Alpha4 Na,K-ATPase Localization and Expression Are Dynamic Aspects of Spermatogenesis and in Sperm Incubated Under Capacitating Conditions

Abstract

Utilizing high-resolution microscopy in conjunction with a new antibody highly specific for rat alpha4 Na,K-ATPase, we describe changes in alpha4 expression during spermatogenesis and in sperm incubated under capacitating and noncapacitating conditions. Immunohistochemical analyses showed alpha4 expression at low levels in spermatogonia and in pachytene spermatocytes. Alpha4 then becomes highly expressed on round spermatids and the midpiece of elongated spermatozoa within the seminiferous tubules. In noncapacitating conditions, alpha4 was confined mainly to the flagellum of mature sperm; however, under capacitating conditions, sperm acquired intense alpha4 staining along the acrosomal region of the sperm head. To visualize the precise localization of alpha4 in the sperm head, we performed an ultrastructural analysis using immuno-scanning electron microscopy. Under capacitating conditions, sperm exhibited alpha4 staining along the dorsal surface of the sperm head associated with the acrosome. In addition, after 4 h of incubation in motility buffer, we observed an increase in alpha4 protein in sperm that could be blocked with chloramphenicol, a mitochondrial-type ribosome inhibitor. These findings demonstrate that both the localization and expression level of alpha4 Na,K-ATPase are dynamic aspects of sperm maturation and suggest that sperm motility and capacitation may be supported by these changes to the location and amount of this protein.
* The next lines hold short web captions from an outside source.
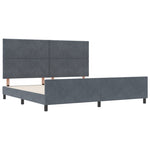 ZNTS Dark Grey Velvet Bed Frame 200x200 cm 3345030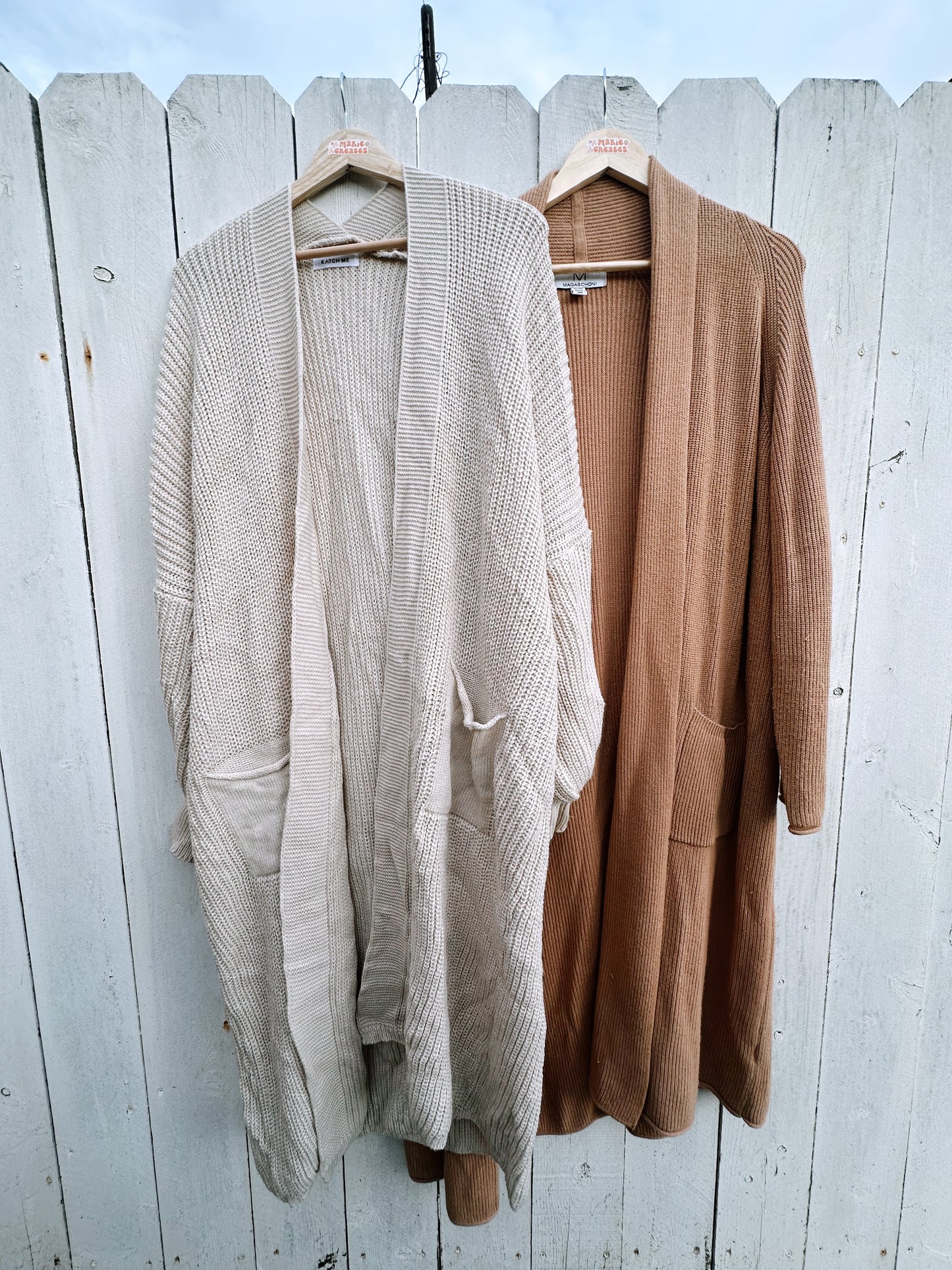 XL-1x Tan Long Cardigan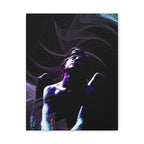 Skybound Canvas Wall Art - Surreal Angel Figure in the Clouds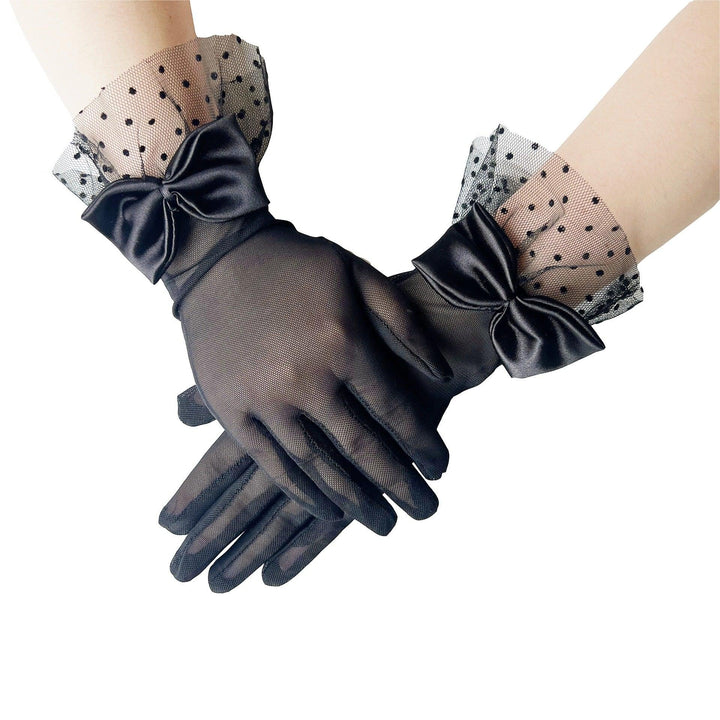 black gothic sexy bow dot stretch mesh short gloves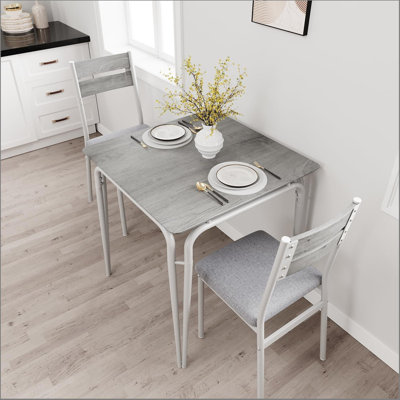 Dining Table for 2 Space Saving Square Dinette for Kitchen Dining Room Small Space wSteel Frame 3 Piece Kitchen Dining Room Sets for ApartmentS Dining Table for 2 Space Saving Square Dinette for Kitchen Dining Room Small Space wSteel Frame 3 Piece Kitchen Dining Room Sets for ApartmentS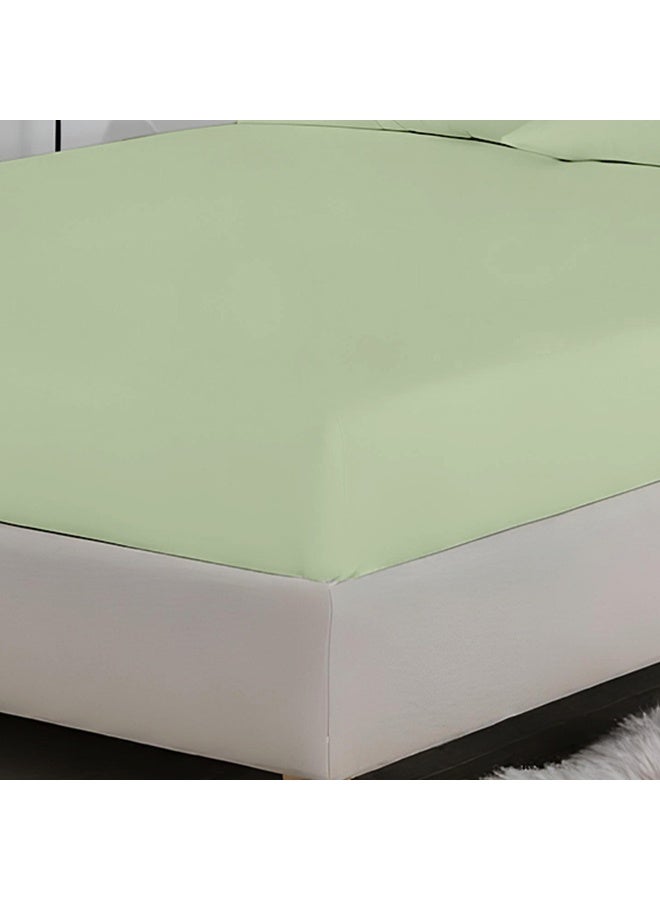 Rest 3-Piece Mint Green Plush 90x200+20cm Fitted Bedsheet Set Includes 1 Deep Pocket Fitted Bedsheet and 2 Pillow Covers, Breathable and Machine Washable  - Image 2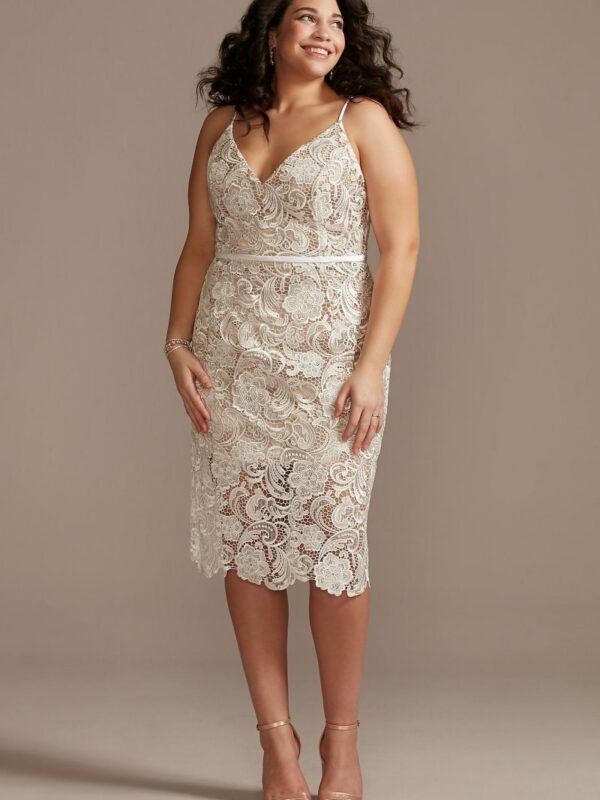 Crochet Lace Overlay Midi Plus Size Dress 9SDWG0773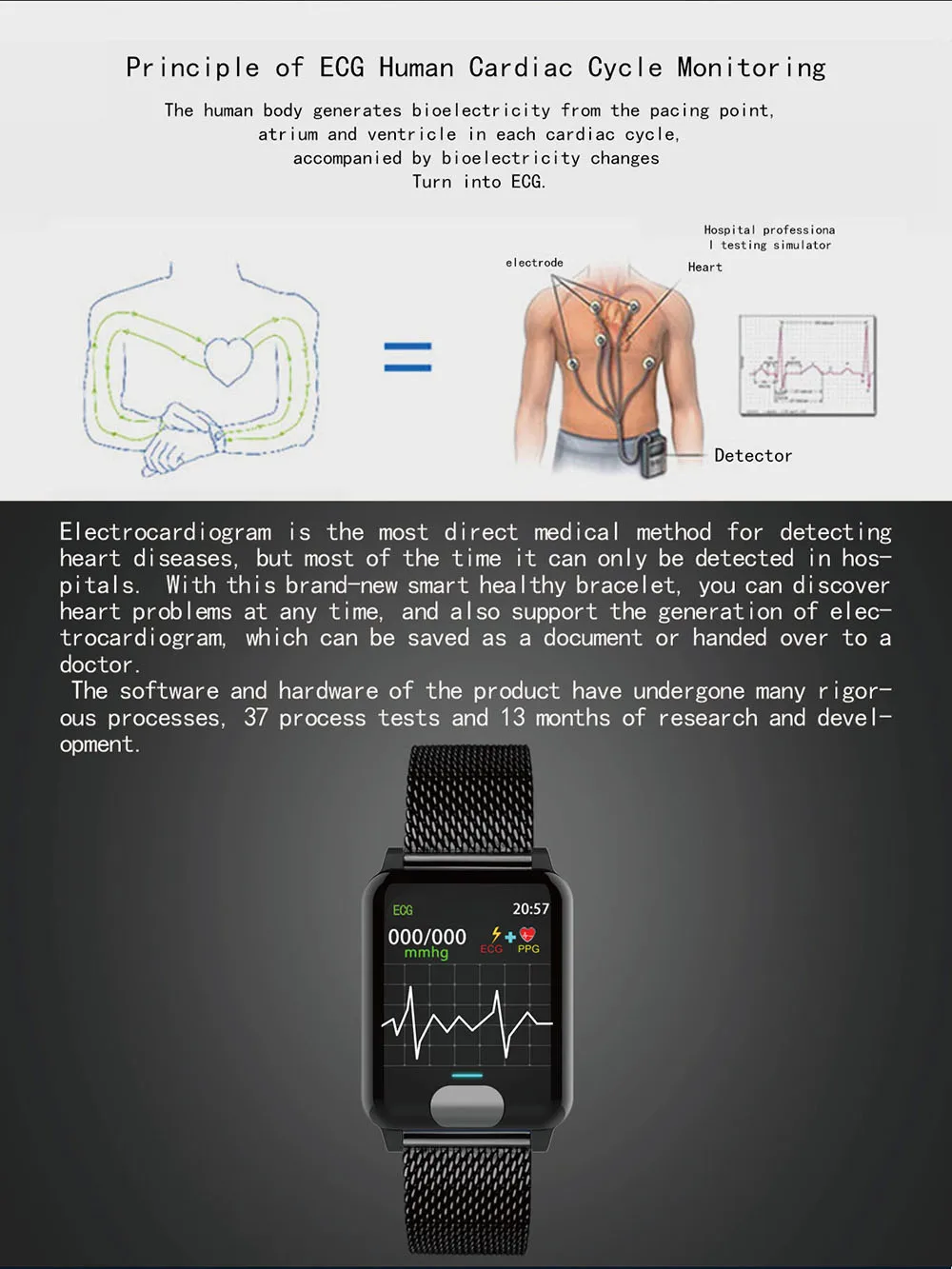 Умный Браслет монитор сердечного ритма ECG+ PPG умный фитнес-браслет кровяное давление часы умный Браслет для Android IOS часы телефон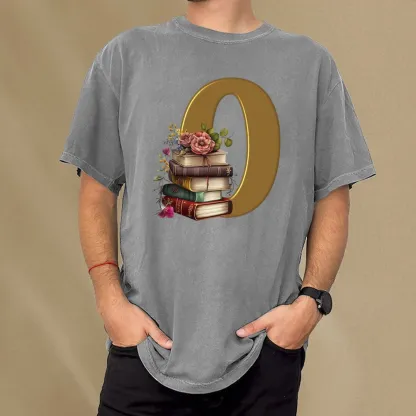 Pagewings Book Letter O Unisex Washed T-shirt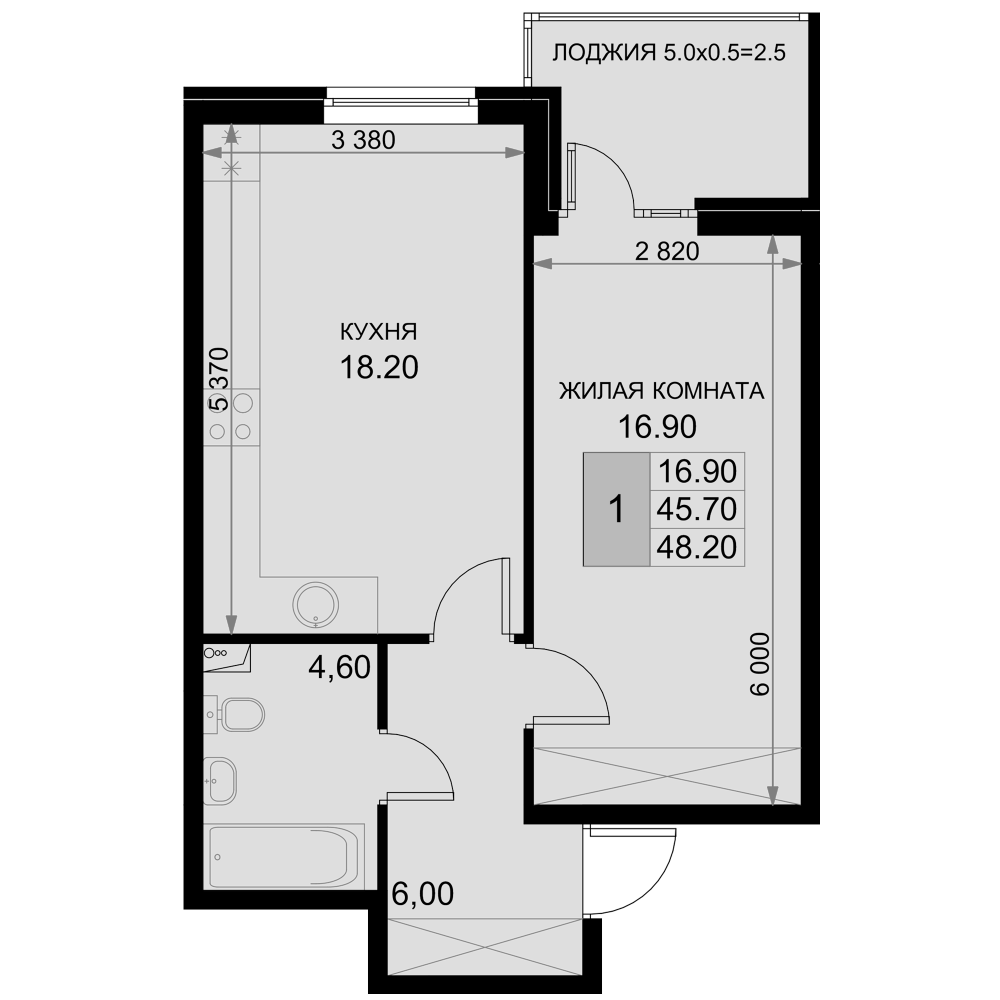 Продается 2-комн. квартира, 45.7 м²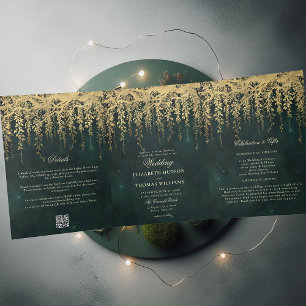 Enchanted Forest Gold Greenery All One 2 Wedding Tri-Fold Invitation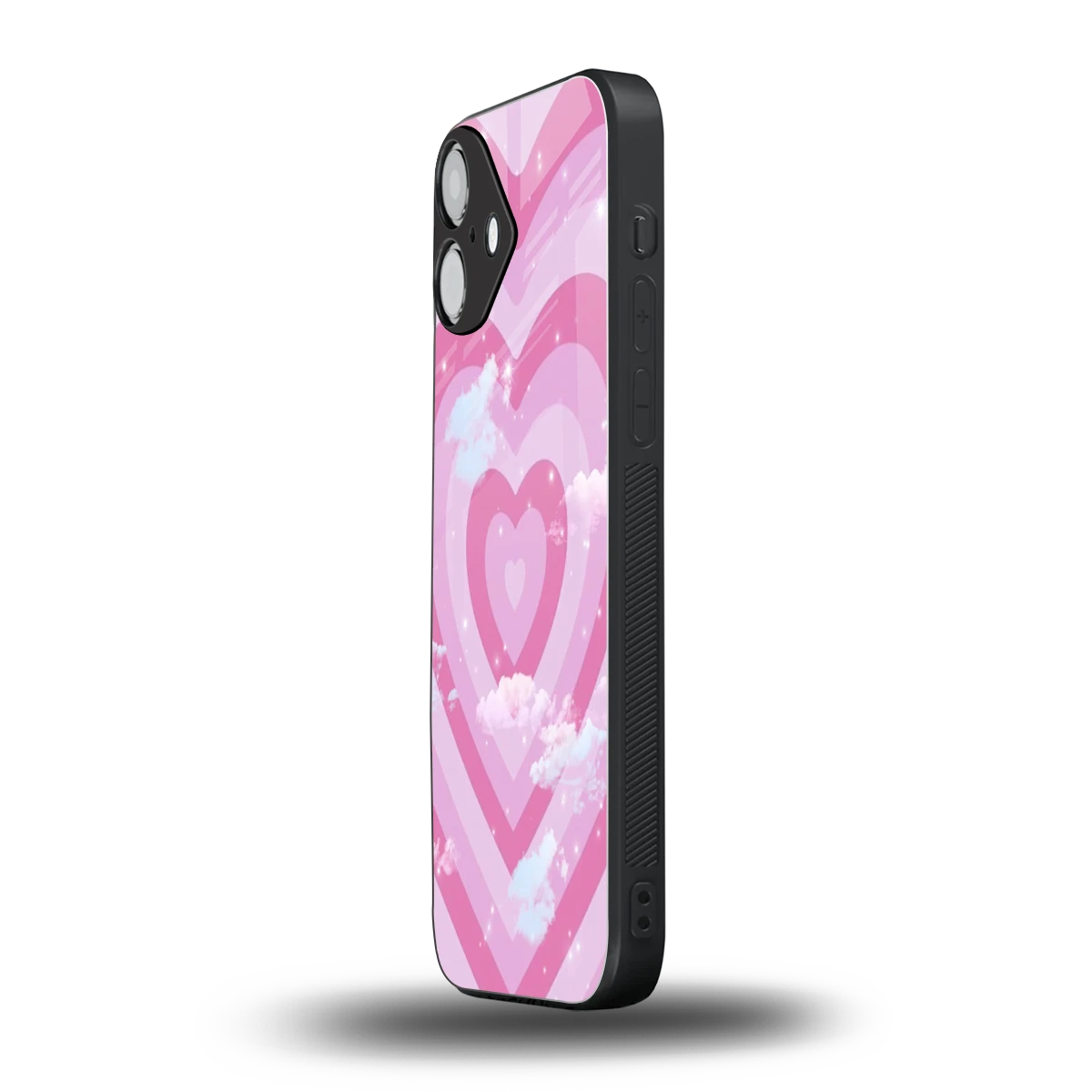 Hearts X Clouds iphone 16 plus mobile cover | shockproof glass phone case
Keywords: ATP1A4; Na,K-ATPase alpha4; Sertoli cell; capacitation; spermatozoa; testis.

Figure 1

Characterization of a new polyclonal anti-alpha4 Na,K-ATPase antibody. Total protein was extracted from various rat tissues and separated by SDS-PAGE. The blot was probed with our newly generated anti-alpha4 antibody, labeled with an HRP-conjugated goat anti-rabbit secondary antibody, and exposed on autoradiographic film. A single, testis-specific band was produced corresponding to the alpha4 Na,K-ATPase.

Figure 2

Immunohistochemistry of alpha4 Na,K-ATPase and the acrosomal compartment during spermatogenesis. Paraffin sections of rat testis were probed for alpha4 and the acrosomal compartment using anti-alpha4 primary/Alexa 594 secondary antibodies and PNA-FITC, respectively. All sections were counterstained with DAPI. (A) Low (left) and high magnification (right) images for alpha4 expression and acrosome staining in the seminiferous tubules. The arrows in the top right panel in (A) indicate alpha4 staining in presumptive Sertoli cells. For controls, (B) the anti-alpha4 antibody was preabsorbed with the immunizing alpha4 peptide and subsequently used for immunohistochemistry, or (C) the primary antibody was omitted entirely. Mag. bar = 50 µm.

Figure 3

Immunocytochemical localization of the alpha4 Na,K-ATPase in noncapacitated and capacitated sperm. Sperm were isolated from rat caudal epididymes, fixed, and probed for alpha4 (A) immediately after isolation (top row) or after being incubated for 4 h in noncapacitating (middle row) or capacitating media (bottom row). The white arrowheads in (A) (bottom panel) indicate alpha4 staining in the acrosomal region of the sperm head. (B) The primary antibody was omitted to determine the specificity of our secondary antibody. Mag. bar = 20 µm.

Figure 4

Ultrastructural localization of the alpha4 Na,K-ATPase in the sperm head. Sperm were fixed, mounted onto glass coverslips, incubated (A) with or (B) without the anti-alpha4 antibody, and labeled with 18 nm colloid gold. Following immunolabeling, sperm were postfixed, dehydrated, carbon coated, and visualized in a scanning electron microscope. Sperm were imaged using a Zeiss Supra 35 VP FEG SEM using a 12 kV accelerating voltage, 7 mm working distance, and 30 µm NA. Nuclei are outlined in the inset images. Mag. bar = 1 µm.

Figure 5

Sperm synthesize new alpha4 peptides from mitochondrial ribosomes. Sperm total protein was extracted from freshly isolated caudal sperm (0 h) or sperm incubated for 4 h in noncapacitating buffer, capacitating buffer, or capacitating buffer supplemented with chloramphenicol and were subjected to western blotting. (A) A representative western blot of alpha4 total protein levels. β-tubulin was included as a loading control. (B) Alpha4 protein levels were normalized to β-tubulin and expressed as a fold change with respect to alpha4 protein levels at 0 h. Bar chart represents the mean ± SEM fold change of three blots for three biological replicates (9 blots total). Statistical analyses were performed using a Welch’s t-test (* p < 0.05; ** p < 0.01) and unpaired student’s t-test (^### p < 0.001).